## Minimize Redundant Operations in Loops

This example shows how to minimize redundant operations in loops.
When a loop operation does not depend on the loop index, performing
it inside a loop is redundant. This redundancy often goes unnoticed
when you are performing multiple operations in a single MATLAB^{®} statement
inside a loop. For example, in the following code, the inverse of
the matrix `B`

is being calculated 100 times inside
the loop although it does not depend on the loop index:

for i=1:100 C=C + inv(B)*A^i*B; end

Performing such redundant loop operations can lead to unnecessary processing. To avoid unnecessary processing, move operations outside loops as long as they do not depend on the loop index.

Define a function,

`SeriesFunc(A,B,n)`

, that calculates the sum of`n`

terms in the following power series expansion:$$C=1+{B}^{-1}AB+{B}^{-1}{A}^{2}B+\mathrm{...}$$

function C=SeriesFunc(A,B,n) % Initialize C with a matrix having same dimensions as A C=zeros(size(A)); % Perform the series sum for i=1:n C=C+inv(B)*A^i*B; end

Generate code for

`SeriesFunc`

with 4-by-4 matrices passed as input arguments for`A`

and`B`

:X = coder.typeof(zeros(4)); codegen -config:lib -launchreport SeriesFunc -args {X,X,10}

In the generated code, the inversion of

`B`

is performed`n`

times inside the loop.
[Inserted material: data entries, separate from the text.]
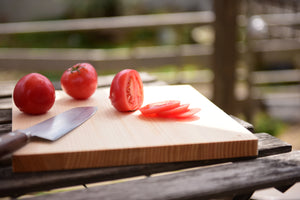 UKEMI HINOKI MANAIITA / CUTTING BOARD 28 x 28 x H2CM**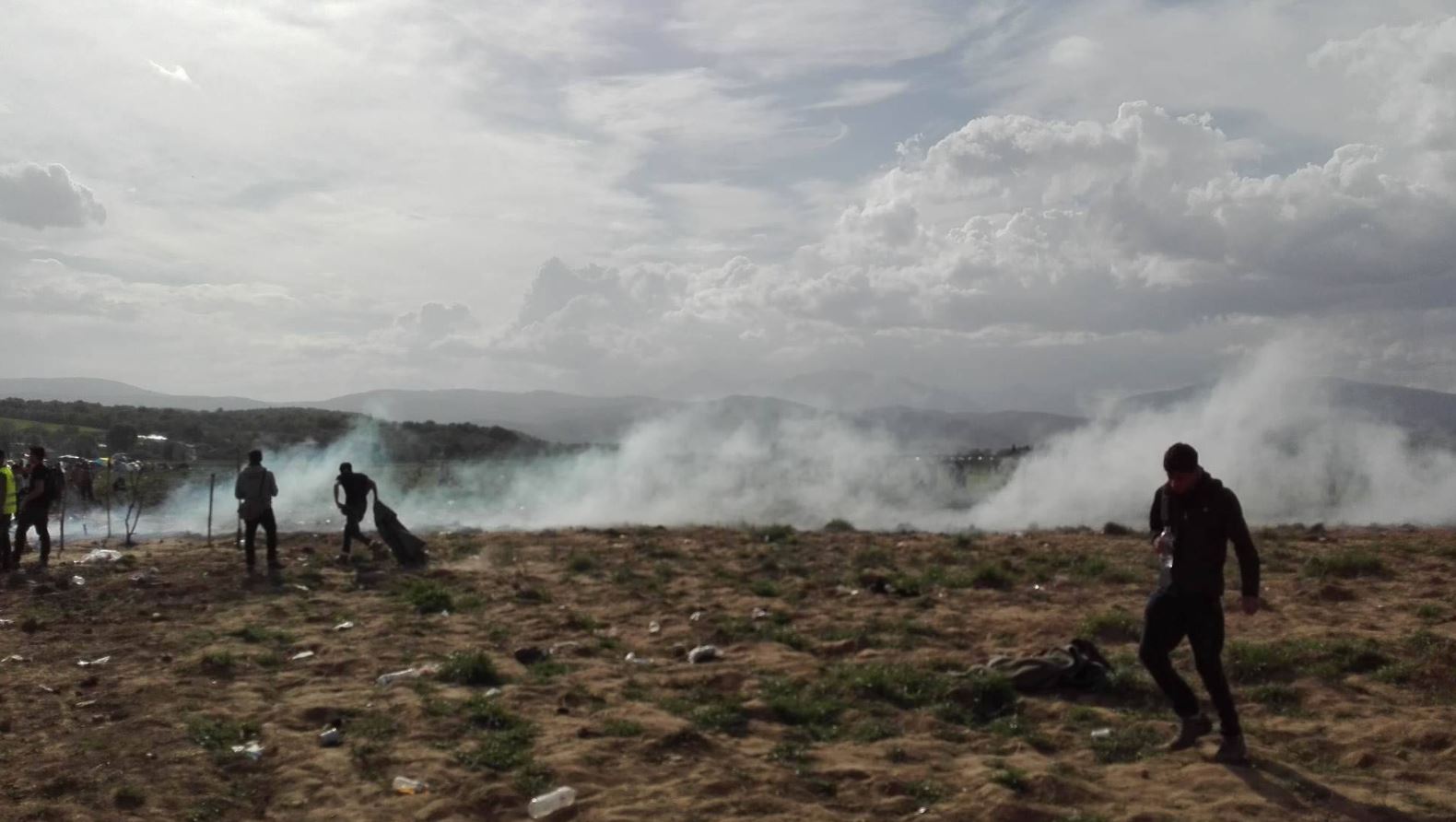 Ειδομένη: Τραυματίες δύο αστυνομικοί – Αποχώρησαν οι “Γιατροί Χωρίς Σύνορα”
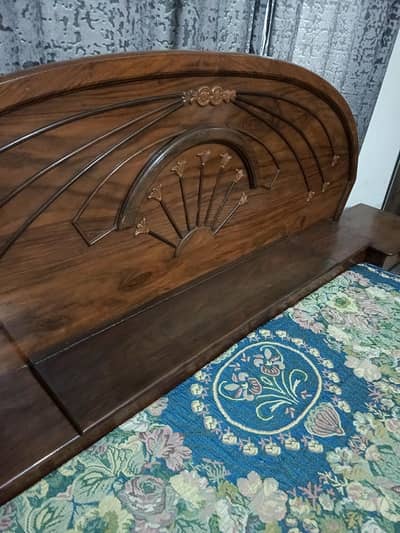 beautiful bed pure wooden 100%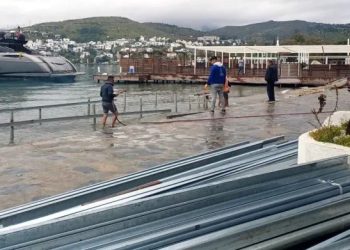 Türkbükü’nde kaçak iskele kaldırıldı, 1 milyon TL. ceza yazıldı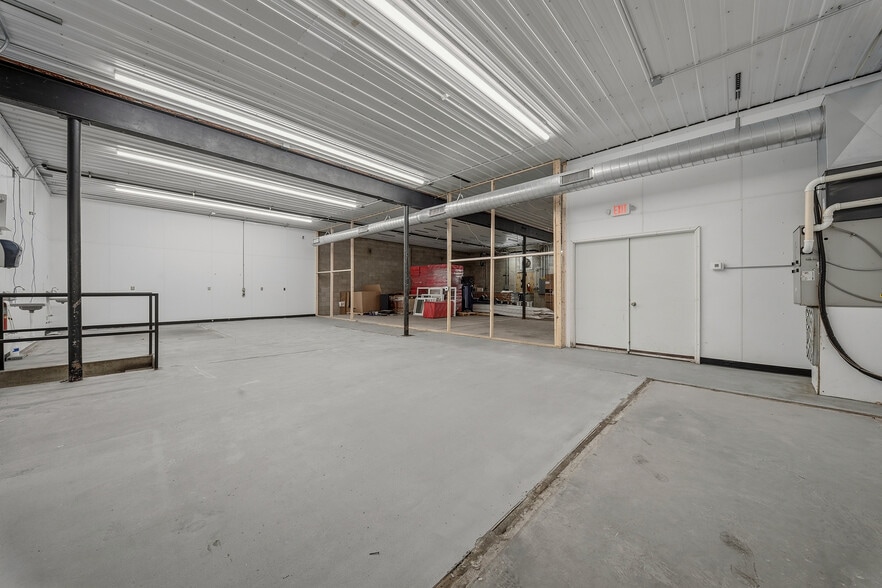More Photos Of 15 E Walnut St, Chippewa Falls Industrial For Sale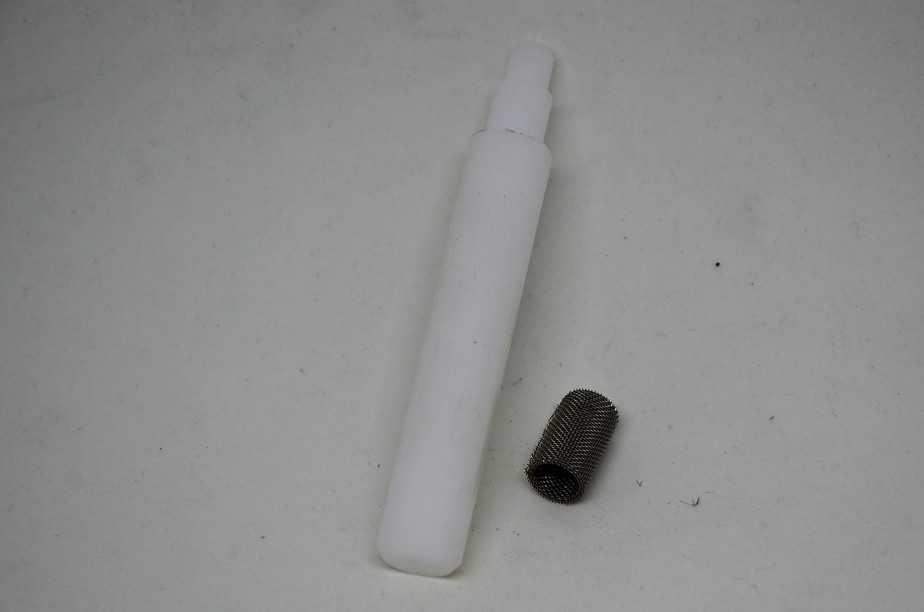 Warmda Diesel Heater Screen Plug for D2 D4 Main Fuel Screen - Everything Caravans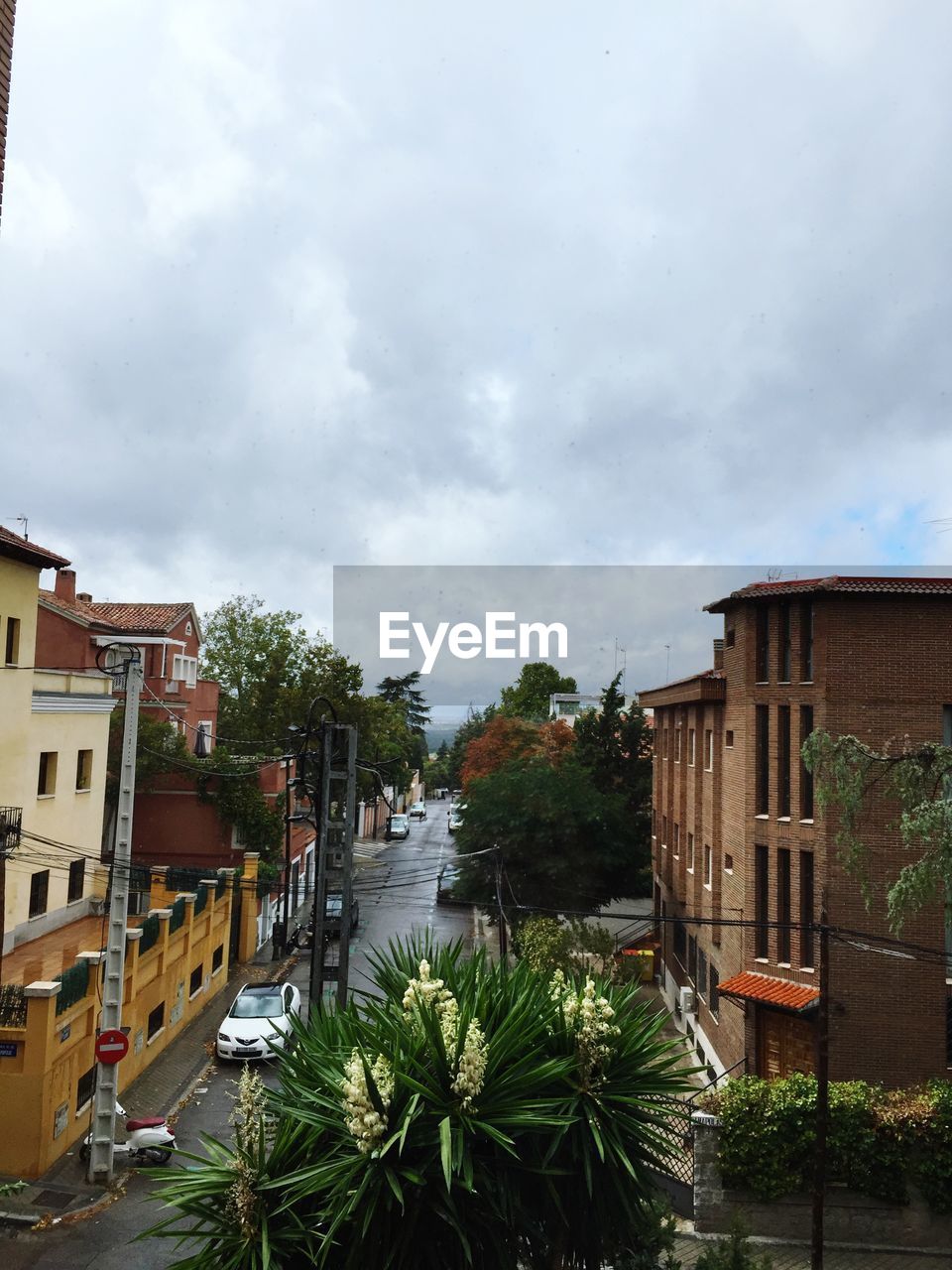 VIEW OF BUILDINGS AGAINST CLOUDY SKY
It is more economical to perform the inversion operation once outside the loop because it does not depend on the loop index.Modify

`SeriesFunc`

as follows:function C=SeriesFunc(A,B,n) % Initialize C with a matrix having same dimensions as A C=zeros(size(A)); % Perform the inversion outside the loop inv_B=inv(B); % Perform the series sum for i=1:n C=C+inv_B*A^i*B; end

This procedure performs the inversion of

`B`

only once, leading to faster execution of the generated code.